Problem requirements: The lines to retype run from the one containing "Used 2025 Chevrolet" through the end of the listing below. Reproduce them exactly, leaving out pictures.

Collected data:
· · · ·

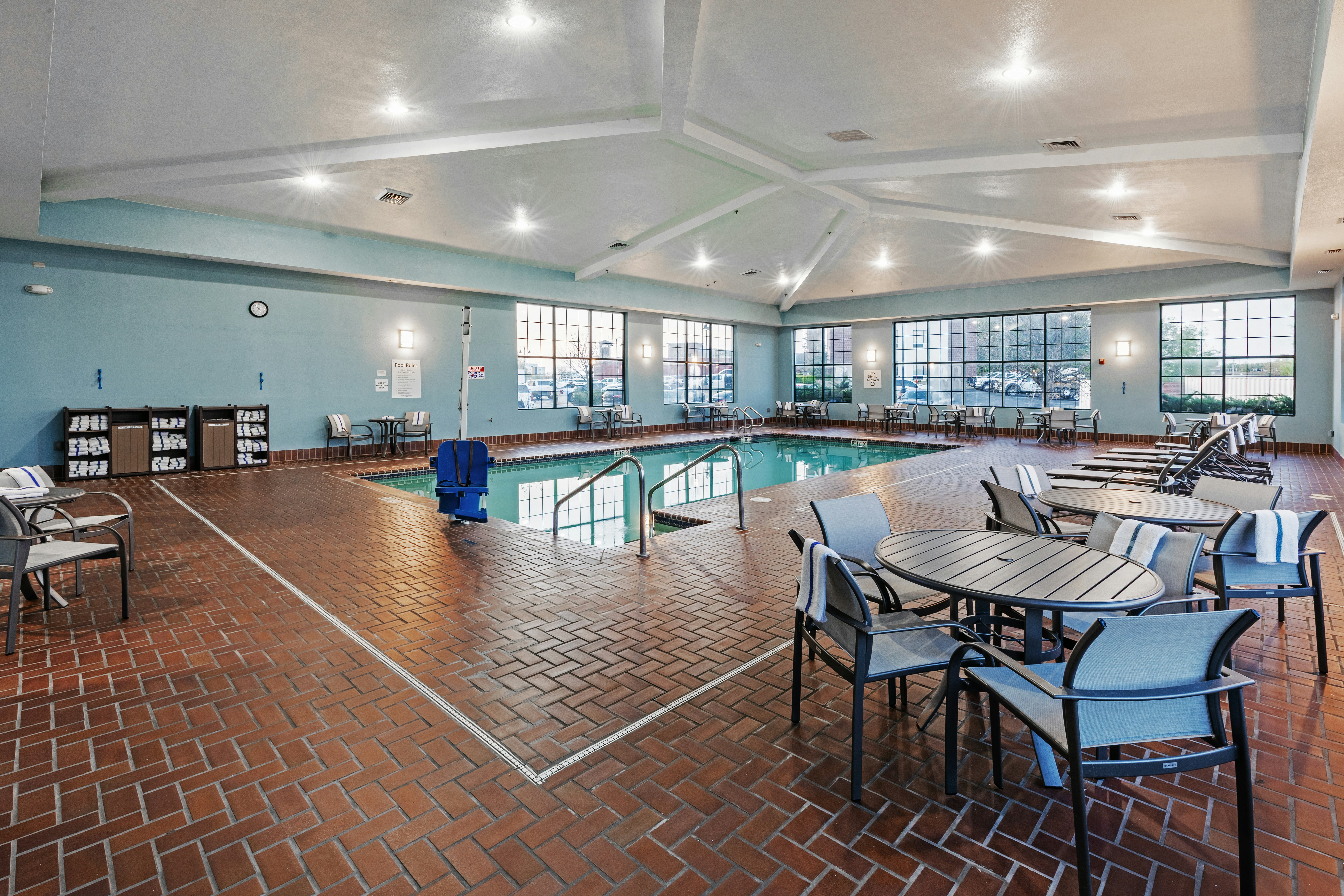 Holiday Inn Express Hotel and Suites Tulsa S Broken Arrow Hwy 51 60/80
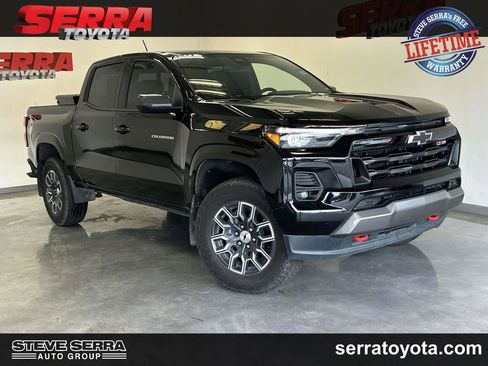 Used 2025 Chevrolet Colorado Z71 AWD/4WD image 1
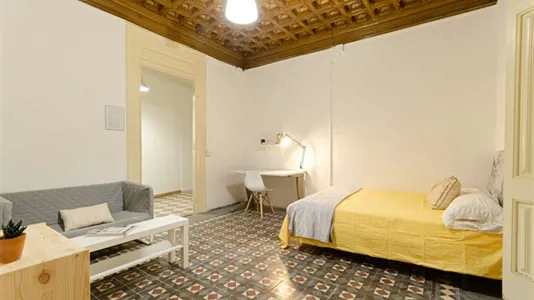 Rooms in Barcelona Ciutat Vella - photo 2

· · · ·

Exercise result:
 Used 2025 Chevrolet Colorado Z71 AWD/4WD image 1
 Rooms in Barcelona Ciutat Vella - photo 2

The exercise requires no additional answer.